L’histoire a enfin repris ces droits 32 ans après, mais non sans peine. Vendredi matin, à l’appel du principal syndicat turc, celui du D.İ.S.K.[1], 2000 partisans se sont donnés rendez-vous à Istanbul à Pangaltı, devant le siège social du Syndicat, à quelques centaines de mètres au nord de la Place Taksim, où les manifestants comptaient bien se rendre. Situé au cœur d’Istanbul, la Place Taksim et son gigantesque parc, cernée par l’Avenue de la République et la Rue de l’Istiklal avec son célèbre tramway à deux wagons rouge et blanc, sont devenus au fil des années des espaces symboliques pour les mouvements de gauche.
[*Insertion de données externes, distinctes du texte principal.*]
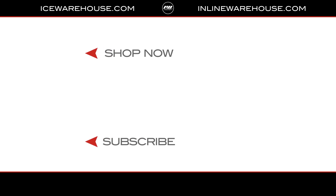If you're looking for any more information, you can hit the link in our description below. While you're here, give us a thumbs up on the video, leave us a comment or question below, and subscribe to our channel so you stay updated on all the new incoming hockey gear.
La foule y est toujours dense sur ce vaste carrefour, passage obligé des stambouliotes et des touristes où se croisent l’ancienne et la nouvelle ville, l’occident et l’orient. Pourtant Taksim est resté dans la mémoire collective comme ayant été le théâtre de la lutte populaire pour les libertés d’opinion politique et syndicale, cristallisant depuis le 1er Mai 1977 les combats des deux décennies précédentes et préfigurant la répression et l’ostracisme des années 80.
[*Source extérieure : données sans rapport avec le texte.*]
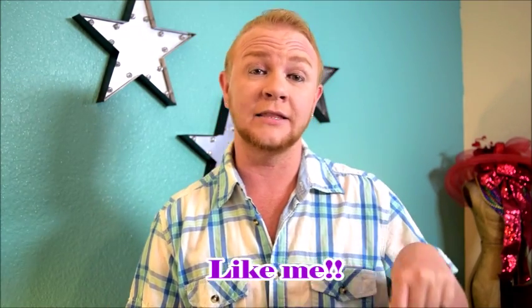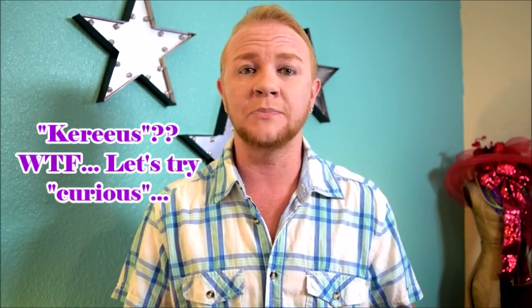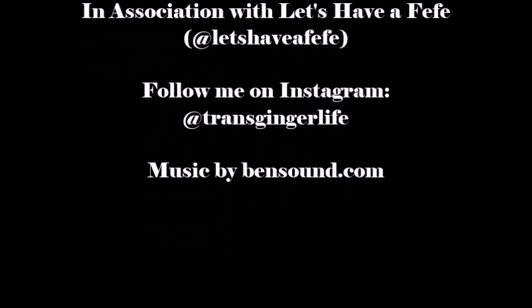If you like this episode, go ahead and click the little thumbs up down there. Subscribe to the channel. And if there's anything you want to see me review — any toys you're curious about — throw it out in the comments below and I'll see what I can do. Thanks for watching. I'll see you next time.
En fin de matinée, la foule commença à s’ébranler. A l’appel du D.İ.S.K., ont trouvait les membres du syndicat du K.E.S.K.[2] et des formations syndicales plus petites (T.T.B., T.M.M.O.B.), appuyé par le principal parti d’opposition le C.H.P.[3], le parti du D.T.P.[4], et celui du T.K.P[5]ainsi que d’autres formations politiques de gauche. Des organisations non gouvernementales, des associations ainsi que des groupements syndicaux étrangers ont fait également le déplacement pour cette marche historique. Encadrés par la police, les manifestants se sont dirigés vers la fameuse Place Taksim, tandis que les forces de l’ordre (20 000 policiers réquisitionnés pour l’occasion) tentaient coûte que coûte d’interdire l’entrée au sein du cortège à de nouveaux arrivants qui souhaitaient grossir les rangs, notamment les membres anarchistes. Entre Pangaltı et Sisli des affrontements entre les policiers et ces nouveaux arrivants, ont failli tourner à l’émeute générale. Les forces de l’ordre n’hésitèrent pas alors, à conduire la foule en usant de canons à eau, tout en aspergeant les plus récalcitrant avec du gaz poivre, rappelant les manifestations du 1er Mai de ces deux dernières années. Aux cours des affrontements les vitrines de plusieurs magasins ont été brisées. Les forces de sécurité sont également intervenues pour empêcher d’autres manifestants d'entrer sur la place par le côté ouest et sud. Un petit incendie a commencé à se déclarer par le jet d’un cocktail Molotov, lancé par un contestataire du premier étage d'un bâtiment près de la place principale. Au totale, près de 20 civils et 21 policiers (chiffre officiel) ont été blessés au cours de la célébration à Istanbul. Dans le courant de l’après-midi le gouverneur de la ville Muammer Güler déclarait que « la police a arrêté 108 personnes ».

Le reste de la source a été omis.